En 2015, la France compte 41 sites culturels ou naturels parmi les 1031 sites inscrits sur la Liste du patrimoine mondial. Ils témoignent de l’inventivité de l’Homme et des richesses de  la Nature.

La musique, patrimoine de l’Humanité

Les arts de la musique et du chant, des rituels religieux ou des événements festifs sont des modes d’expression nés dans les premiers moments de l’Humanité. Toutes les cultures, toutes les générations, toutes les croyances les partagent sous des formes les plus diverses.

Depuis 2003, l’UNESCO se préoccupe de leur sauvegarde dans le cadre de la Liste du patrimoine culturel immatériel. Elle comporte 391 éléments inscrits.
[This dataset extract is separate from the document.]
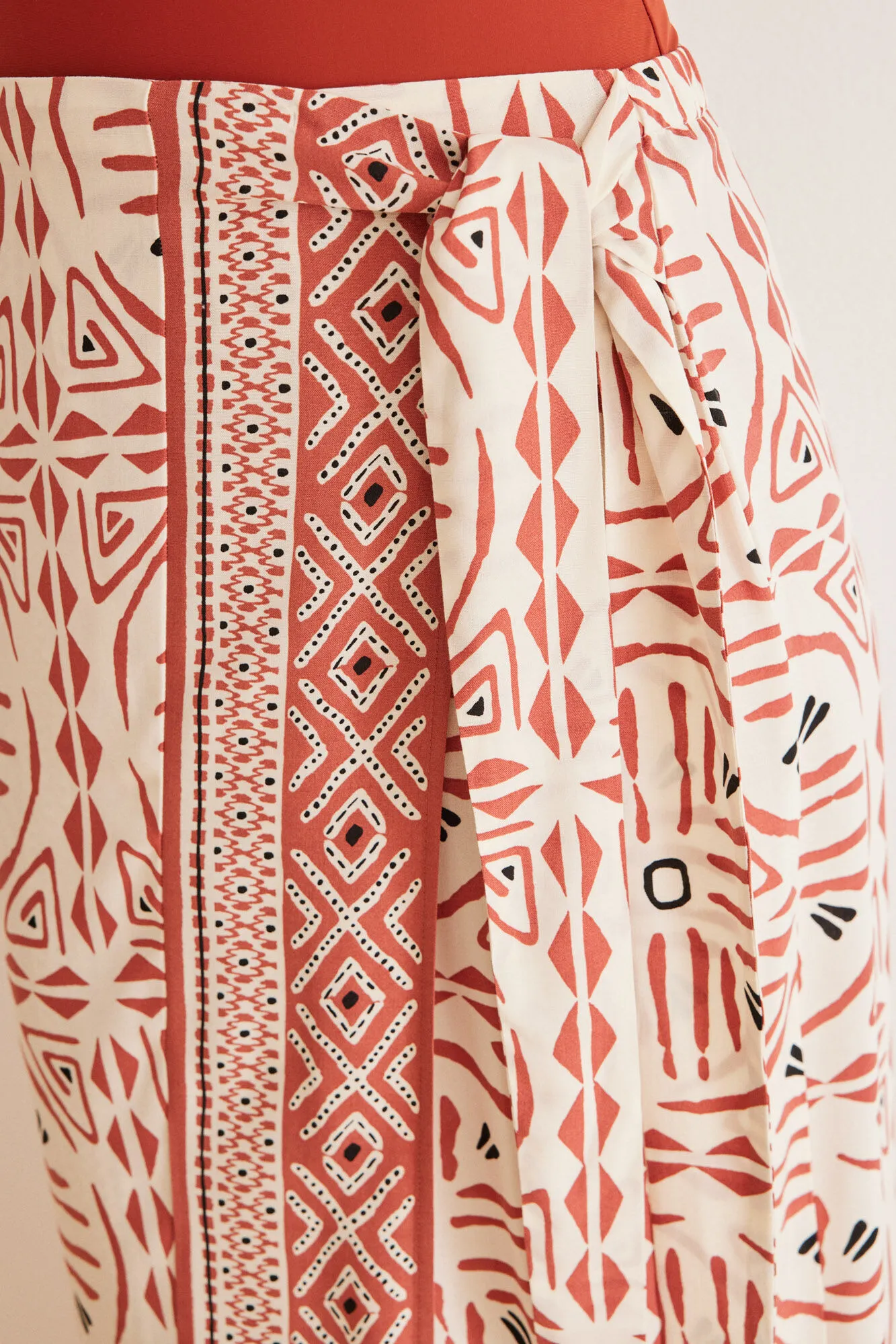 Pareo midi estampado étnico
Ils reflètent la diversité des expressions artistiques, des traditions culturelles, spirituelles ou des techniques qui façonnent le visage de notre Humanité.

La Liste compte par exemple, le Cantu in paghjella, chant profane et liturgique à trois voix. Il a été inscrit en 2009

La fête de Maskel  est un festival haut en couleur célébré dans toute l’Éthiopie le 1er octobre pour commémorer la découverte de la Sainte-Croix du Christ par un empereur après une vision miraculeuse. C’est l’occasion pour les Éthiopiens de promouvoir leur vie spirituelle, basée sur la réconciliation, la cohésion sociale et la coexistence pacifique. Elle a été inscrite en 2013.

Le Gwoka hérité de la lutte contre l’esclavage, combine le chant, les rythmes joués aux tambours et la danse. Il est pratiqué par tous les groupes ethniques et religieux de la société guadeloupéenne. Il accompagne les temps forts de la vie quotidienne ainsi que les manifestations festives, culturelles et profanes. Il a été inscrit sur la Liste en 2014.

Chaque année depuis le huitième siècle, le 2 janvier, les habitants d’une petite ville du nord du Japon se rassemblent pour se rendre au sanctuaire, où, de l’aube jusqu’à la mi-journée, sont interprétées neuf danses sacrées destinées à prier pour invoquer le bonheur durant la Nouvelle Année. Le Dainichido Bugaku a ainsi été inscrit en 2009.